NASA safety advisers warn ISS transition plans on “precarious trajectory”

Science

WASHINGTON — NASA’s safety advisers warn that the agency’s efforts to transition from the International Space Station to commercial space stations without a gap are on a “precarious trajectory.”

At a July 21 meeting of the Aerospace Safety Advisory Panel, members said they were concerned that commercial stations whose development is being supported by NASA were unlikely to be ready in time before the ISS is retired at the end of the decade, and that those efforts suffered from insufficient budgets.

Those plans, called Commercial Leo Earth Orbit (LEO) Destinations by NASA, “are on a precarious trajectory to realization on a schedule and within the projected resources needed to maintain a NASA LEO presence,” said Patricia Sanders, chair of the panel. “This is an area of concern for us.”

NASA selected proposals from teams led by Blue Origin, Nanoracks and Northrop Grumman in December for funded Space Act Agreements to mature their designs for commercial space stations. The agency has a separate agreement with Axiom Space giving that company access to a port on the ISS to which the company is preparing to attach a series of commercial modules that will later form the core of a stand-alone station.

However, Amy Donahue, a member of the panel, said that NASA plans to issue formal requirements for its use of those stations only in late 2024. “There is very little margin for ensuring a continuous U.S. presence in LEO is maintained” given the planned ISS retirement in 2030, she said.

The concern the panel had, she said, involved human-rating of a commercial station, noting that the current schedule calls for doing so faster than any other agency human spaceflight program since Mercury. “It raises some question about what NASA might do to mitigate the risk of failing to meet this schedule,” she said. “It’s certainly a concern for us from a risk perspective.”

The panel is not the first to warn that NASA’s schedule for replacing the ISS may not be achievable.
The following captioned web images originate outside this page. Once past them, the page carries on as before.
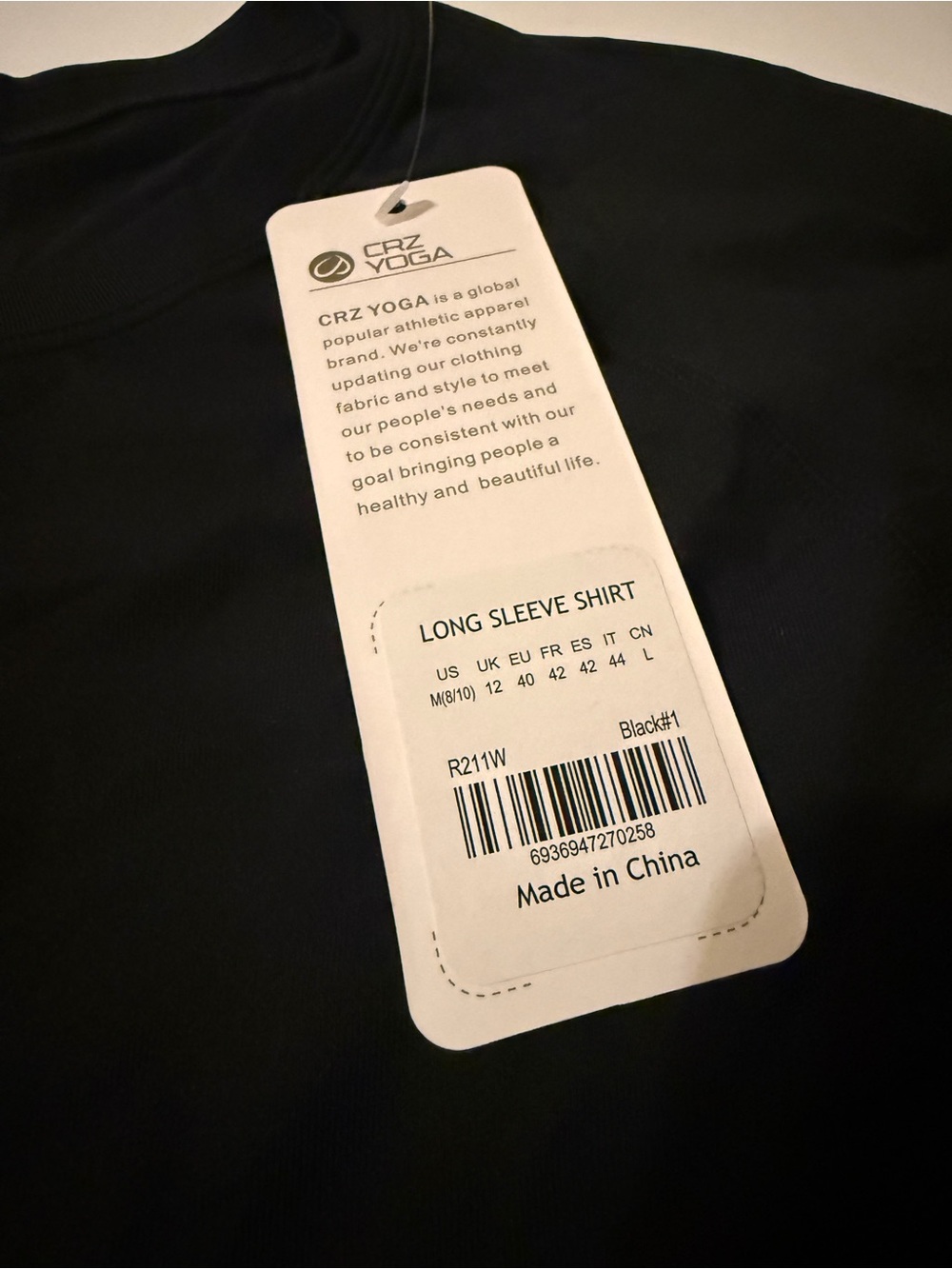 NWT CRZ Yoga Long Sleeve Shirt Black Size M Athletic Top - Picture 2 of 7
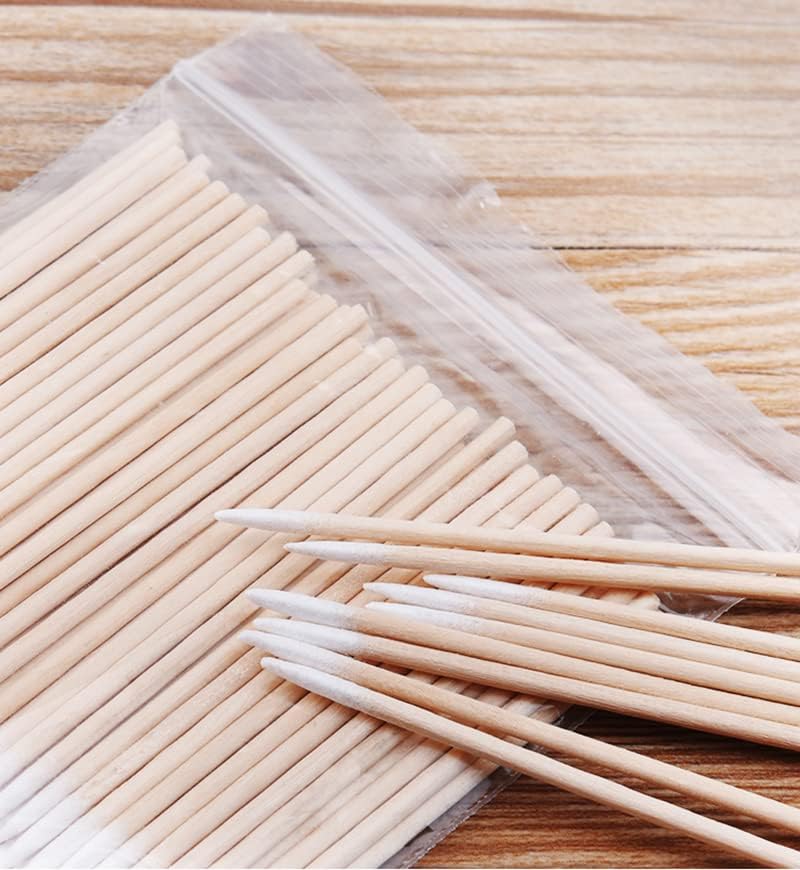Onwon 200 Pcs 7CM Pointed Cotton Swabs, Cotton Swab Pointed, Cotton Swab Wooden Stick, Cotton Swab Applicator, For Tattoo Permanent Supplies, Cosmetic Makeup Applicator
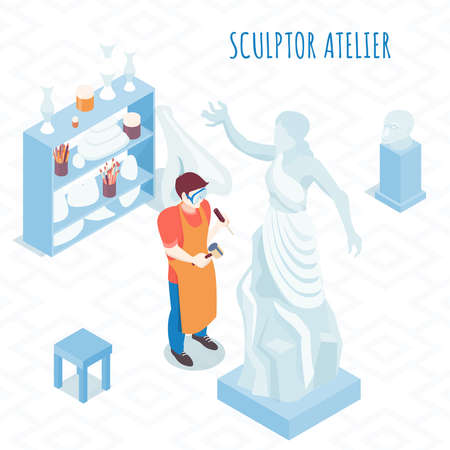 Fine artist at work isometric composition with sculptor carving stone stature with hammer and chisel vector illustrationのイラスト素材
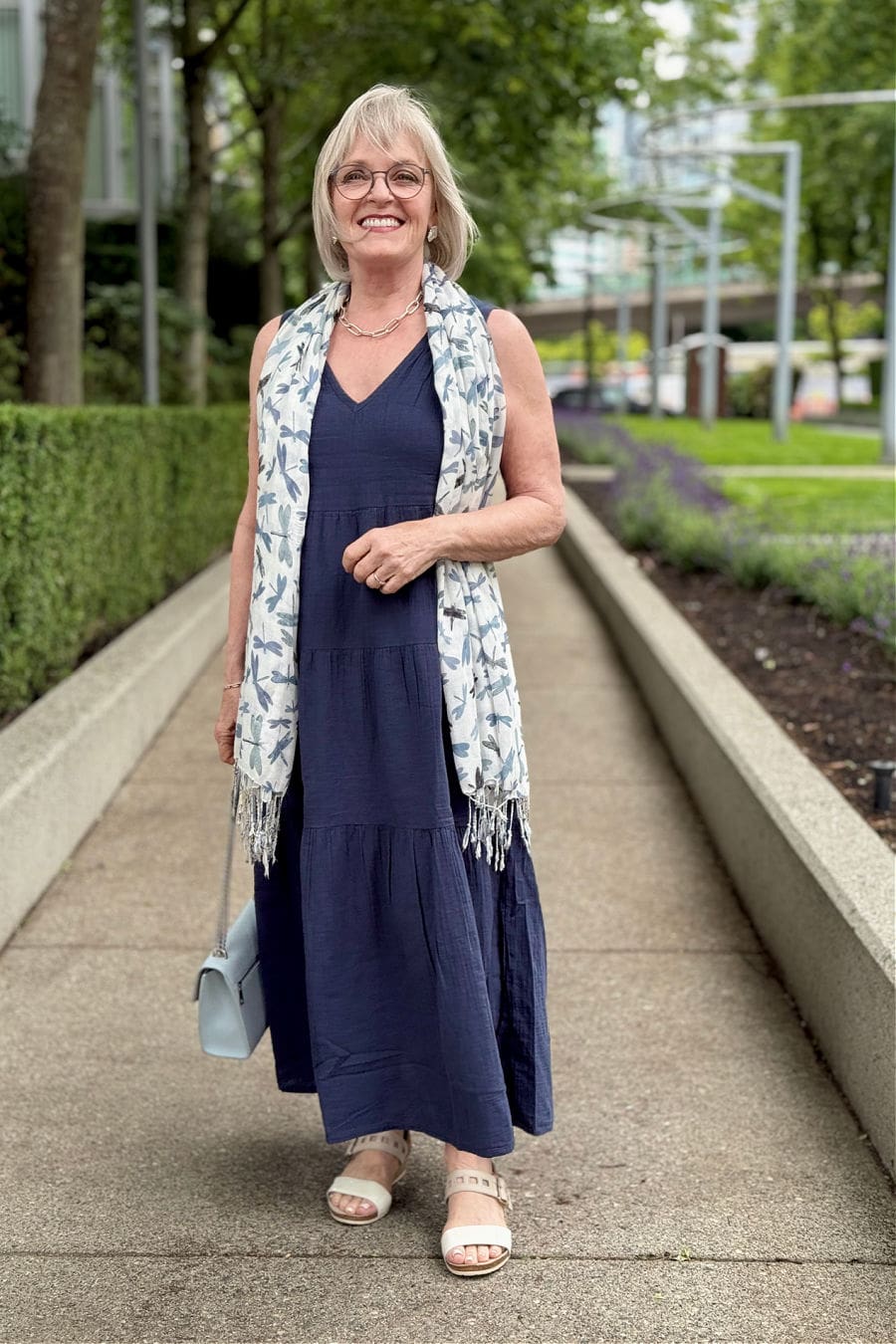 Navy Tiered Midi Dress with Printed Scarf Navy Tiered Midi Dress with Printed Scarf — Simple V Neck Dress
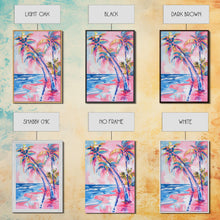 Load image into Gallery viewer, Vibrant Palm Trees and Ocean Waves in Abstract Style - Framed Canvas Print, Coastal Wall Art, Tropical Beach Decor for Living Room
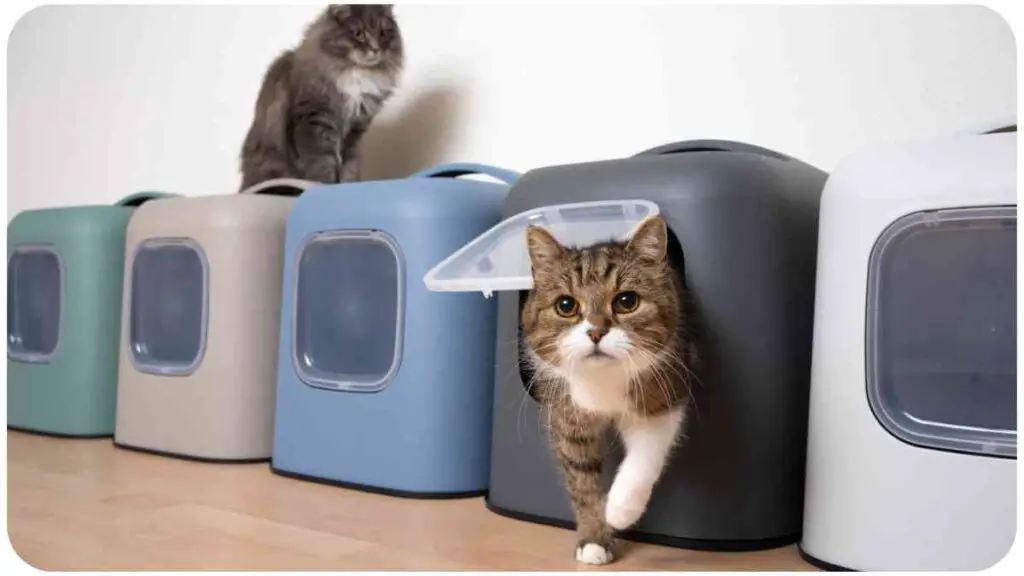 a cat is standing in front of a litter box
A report by NASA’s Office of Inspector General last November, just before NASA made its commercial space station awards, warned a commercial station “is not likely to be ready until well after 2030” and that NASA’s schedule for have one or more ready before 2030 “is unrealistic.”

Another issue is resources not just for supporting development of the stations but also NASA’s use of them. “It doesn’t have a forecast or a way to guarantee to providers the extent of NASA’s business once a commercial laboratory is available,” Donahue said. “We also see it as likely that NASA will have to provide bridge funding during the transfer of operations from a fully funded government space station to a fully commercial space station for the duration of time required to develop a robust commercial market.”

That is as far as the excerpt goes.